I’ll report back on the Hellaswag results on this model.

nsfw_throwitaway69 · 1 year ago

Thanks! I’m eager to see the results :)

xadiant · 1 year ago

Any tips/attempts on frankensteining 2 yi-34b models together to make a ~51B model?

a_beautiful_rhind · 1 year ago

We need 2 or 3 yi stacked together and then face them off vs 70b.

xadiant · 1 year ago

Exactly what I was thinking. I just fail miserably each time I merge the layers.

Aaaaaaaaaeeeee · 1 year ago

possibly even going even larger than 120b parameters

I didn’t know that was possible, have people made a 1T model yet?

a_beautiful_rhind · 1 year ago

Sadly doesn’t work on 48gb like the other 120b. It can only fit sub 2048 context otherwise it goes OOM.

nsfw_throwitaway69 · 1 year ago

Crap, what’s your setup? I tested it with a single 48GB card but if you’re using 2x 24 then it might not work. I’ll have to make a 2.8 bpw quant (or get someone else to do it) so that it’ll work with card splitting.

a_beautiful_rhind · 1 year ago

I have 2x3090 for exl2. I have tess and goliath and both fit with ~3400 context so somehow your quant is slightly bigger.

nsfw_throwitaway69 · 1 year ago

Venus-120b is actually a bit bigger than Goliath-120b. Venus has 140 layers and Goliath has 136 layers, so that would explain it.

a_beautiful_rhind · 1 year ago

Makes sense… it’s doing pretty well. Like the replies. Set the limit to 3400 in tabby, no oom yet but using 98%/98%. I assume this means I can bump up the other models past 3400 too if I’m using tabby and autosplit.

Distinct-Target7503 · 1 year ago

That’s a great work!

Just a question… Have anyone tried to fine tune one of those “Frankenstein” models? Some time ago (when the first “Frankenstein” came out, it was a ~20B model) I read here on reddit that lots of users agreed that a fine tune on those merged models would have “better” results since it would help to “smooth” and adapt the merged layers. Probably I lack the technical knowledge needed to understand, so I’m asking…

a_beautiful_rhind · 1 year ago

Tess-XL-1.0… so far I didn’t like the results.
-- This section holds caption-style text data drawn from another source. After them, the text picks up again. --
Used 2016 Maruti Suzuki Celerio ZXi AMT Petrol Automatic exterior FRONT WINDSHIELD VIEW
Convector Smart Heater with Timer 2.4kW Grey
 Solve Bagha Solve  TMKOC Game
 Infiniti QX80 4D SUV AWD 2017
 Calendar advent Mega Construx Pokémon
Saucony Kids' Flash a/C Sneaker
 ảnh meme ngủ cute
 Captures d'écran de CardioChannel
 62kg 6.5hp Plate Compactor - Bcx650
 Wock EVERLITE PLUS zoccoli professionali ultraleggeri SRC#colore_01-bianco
Distinct-Target7503 · 1 year ago

Is that a LORA or a full fine tune?

a_beautiful_rhind · 1 year ago

Hell yea! No Xwin. I hate that model. I’m down for the 3 bit. I didn’t like tess-XL so far so hopefully you made a david here.

nsfw_throwitaway69 · 1 year ago

I used this dataset for the quants: https://huggingface.co/datasets/jasonkstevens/pippa-llama2-chat/tree/refs%2Fconvert%2Fparquet/default/train

ambient_temp_xeno · 1 year ago

I still have this feeling in my gut that closedai have been doing this for a while. It seems like a free lunch.

Charuru · 1 year ago

I don’t think so, this is something you do when you’re GPU poor, closedai would just not undertrain their models in the first place.